Radome Testing at NSI-MI Technologies’ Range
Leverage NSI-MI Technologies’ years of experience in the
antenna and radome test business. These test and
measurement facilities are located in our United States
headquarters near Atlanta, Georgia. We have dedicated
radome testing equipment and instrumentation that can
be applied to a wide range of requirements, from basic
DO-213 testing to custom military requirements that
push the limits of today’s measurement techniques.
NSI-MI’s has recently tested radomes of many sizes and requirements such as C-130 and F-15 radomes. Our insistence on measurement integrity and culture of close customer interaction ensures that quality and safety is maintained throughout the program.

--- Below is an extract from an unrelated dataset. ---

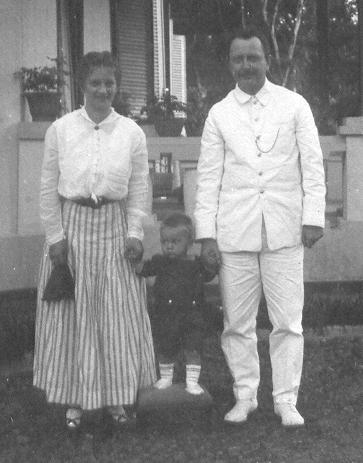 De jeugdjaren van F.C.A. Huber Uit het babyboek Eerste levensjaren het volgende citaat: "Donderdag 26 oktober 1916 werd Ferry geboren.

- Cross-industry expertise from DO-213 to full military requirements
- Includes all the necessary test facilities, test equipment and test personnel
- State-of-the-art ranges at our Atlanta test facilities
- Quality equipment, expert staff and flexibility
NSI-MI’s in-house compact range facility with a 6ft cylindrical quiet zone includes a full suite of RF and microwave instrumentation and data analysis tools with dedicated radome positioning equipment. This allows us to accommodate a wide variety of radome sizes and provide rapid performance testing up to 94 GHz, all in an environmentally consistent and secure indoor facility.
Chamber Size: 24 ft wide x 40 ft deep x 25 ft tall with adjacent control room Frequency Range: 2 to 94 GHz Data Acquisition: Fully-automated system for all range configurations, controlled by an MI-3000 Data Acquisition and Analysis Workstation Compact Range Amplitude Variation: 0.5 dB amplitude taper Phase Variation: Less than 10 degrees Test Zone: Cylindrical 4 ft (1.2 m) diameter x 4 ft (1.2 m) length - Expandable to 6 ft (1.8 m) x 5 ft (1.5 m), 1.0 dB amplitude taper Positioning Equipment Equipment: Configurable radome ring and antenna positioner. Many alternative positioning components and fixtures available. Maximum Test Loads: Up to 1000 lbs
Transmission Efficiency is the percentage of microwave energy that passes through a radome, typically measured over various angular regions (which usually represent the area of the radome actually used by the radar system). It is measured by comparing power levels received by a test antenna under two different conditions. A reference measurement is made with the radome off, then again after installation of the radome over the radar antenna. The resulting data is plotted over the surface of the radome. While ideally transparent, all radomes will have losses as the RF signal passes through it due to a combination of reflections, diffraction, absorption, refraction and depolarization.
Beam Deflection (BD) / Boresight Shift (BS)
Beam Deflection is the change in the direction of propagation of the microwave signal as it passes through the radome. If one considers the geometry associated with the tracking of a fast moving enemy target or terrain avoidance for a low flying, fast moving aircraft, even very small angular errors introduced by the radome can have significant effects. (For test antennas with a tracking null, the term “boresight shift” is often used interchangeably with Beam Deflection. Beam Deflection can then be a term reserved for the case of a sum beam.)
Reflectivity is the change in the magnitude of the reflection coefficient at the port of the radar antenna which is caused by the presence of the radome. This is measured using a reflectometer with a remote head. The reflection coefficient is measured before and after the radome is installed, with the antenna pointing out into a reflection-less environment (such as an anechoic chamber or an outdoor range). Ideally, this measurement is independent of pointing direction of the radar antenna.
Antenna Pattern Distortion
Pattern distortion is the change to the radar antenna radiation pattern caused by the presence of the protective radome. Patterns are taken with and without the radome present. Various analyses can be made to assess the changes to the pattern shape, including: beam width, side lobe levels, peak/ null location, lobe imbalance, null fill, etc. This requires that the radar antenna rotate with the radome to maintain a particular antenna to radome aspect as the antenna pattern is measured.
Instrumentation is calibrated to NIST standards, providing confidence in the accuracy of tests performed at our facility. Periodically, we conduct a range probe using a phase/amplitude probe system to ensure electromagnetic quality in the frequency bands specified.